Die bereits mit den anderen Ministerien vorabgestimmte und damit als Vorlage für eine baldige Kabinettsbefassung gedachte jetzige Fassung wird es somit frühestens kurz vor der Sommerpause des Bundestages in die dortige Beratung schaffen.

Kritik am Verfahren kommt vom IT-Wirtschaftsverband Bitkom: "Angesichts bestehender Fortschritte in anderen Mitgliedsstaaten riskieren wir aktuell das Ziel eines harmonisierten Rechtsrahmens in der EU", sagt Felix Kuhlenkamp, Referent für Sicherheitspolitik. Derzeit hängen viele EU-Staaten bei der Umsetzung noch hinter dem Zeitplan zurück, nur Ungarn hat die NIS2 bereits zu Jahresbeginn in geltendes Recht überführt. Anders als eine Verordnung auf EU-Ebene sieht die NIS2-Richtlinie nur ein Mindestniveau vor: Mitgliedstaaten dürfen darüber hinausgehen, soweit dem nicht anderes EU-Recht entgegensteht – etwa speziellere Regelungen wie für den Finanzsektor.

Auch im Bundestag sorgt die weitere Verzögerung für wenig Begeisterung. Es sei gut, sagt Konstantin von Notz, der Grünen-Fraktionsvize und Vorsitzende des Parlamentarischen Kontrollgremiums für die Nachrichtendienste, dass der neue Entwurf vorliege. Das Gesetz sei längst überfällig: "Der Zeitplan für die weiteren parlamentarischen Beratungen ist mit Blick auf die durch die EU vorgegebenen Umsetzungsfristen nun leider extrem ambitioniert." Der FDP-Innenpolitker Manuel Höferlin verweist etwas zurückhaltender darauf, dass einige Regelungsinhalte ja bereits mit dem Koalitionsvertrag vereinbart worden seien. Eigentlich müssten alle europäischen Umsetzungen und damit auch das deutsche Umsetzungsgesetz bereits zum 17. Oktober in Kraft sein.

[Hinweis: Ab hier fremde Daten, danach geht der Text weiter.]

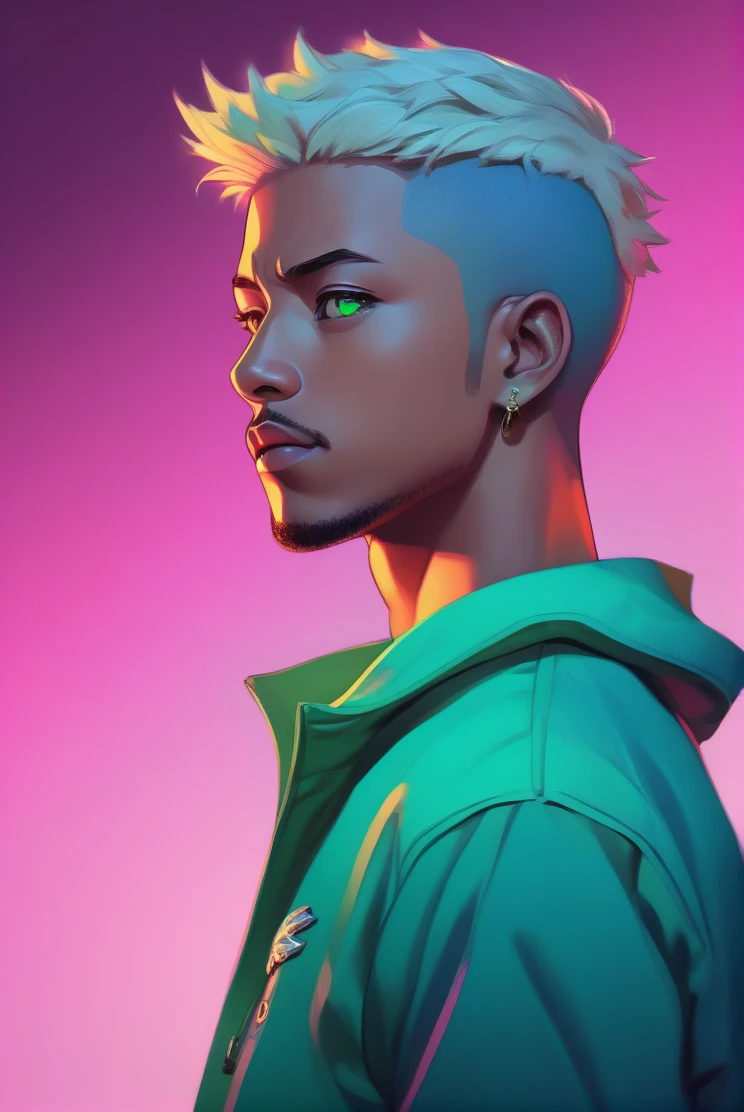 Anime-style 2.5D portrait with a pastel oil painting effect Boruto + Michael B. Jordan forte, cinematic vibrant neon lighting, close-up on a character with detailed shaven head backdrops, piercingly detailed Green big eyes with bright pupils, portrayed in a dynamic pose, full-body with a sultry aesthetic, viewed from a dynamic profile angle gazing at the viewer, wearing a detailed Lacoste T-shirt with a rocker man personification, wearing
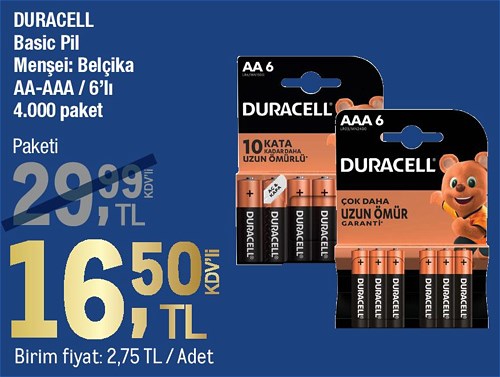 Duracell Basic Pil AA/AAA /6'lı image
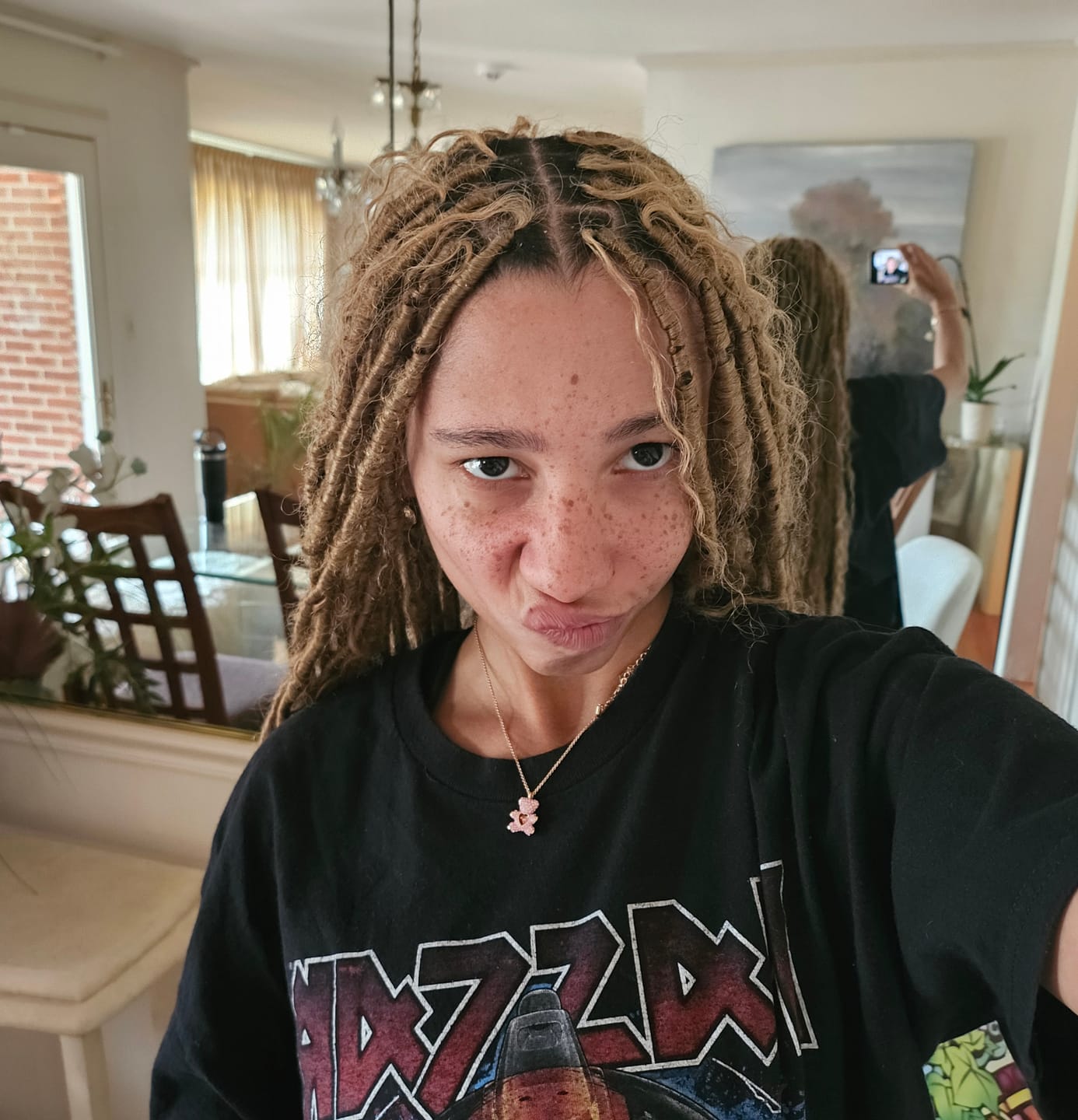 Customer photo review of #27 Honey Blonde Pre-looped Crochet Boho Locs with Human Hair Curls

Mit dem deutschen "NIS2UmsuCG" muss dabei vor allem die Übertragung ins deutsche Recht gelingen, fordert Bitkom-Referent Kuhlenkamp: "Der neue Entwurf muss sicherstellen, dass Unternehmen in Deutschland die notwendige Rechtssicherheit erhalten, um die zahlreichen neuen Anforderungen und Pflichten umzusetzen." Tatsächlich enthält die neue Fassung einige definitorische Klarstellungen und Abgrenzungen gegenüber vorangegangenen Vorschlägen des Bundesinnenministeriums. So wurde etwa die Definition von Rechenzentren mit dem aktualisierten Entwurf angepasst und enger gefasst. Das BSI soll nur noch dann die Datenschutzaufsichtsbehörden über Vorfälle informieren müssen, wenn ein Verstoß gegen den Schutz personenbezogener Daten nach DSGVO "offensichtlich" ist.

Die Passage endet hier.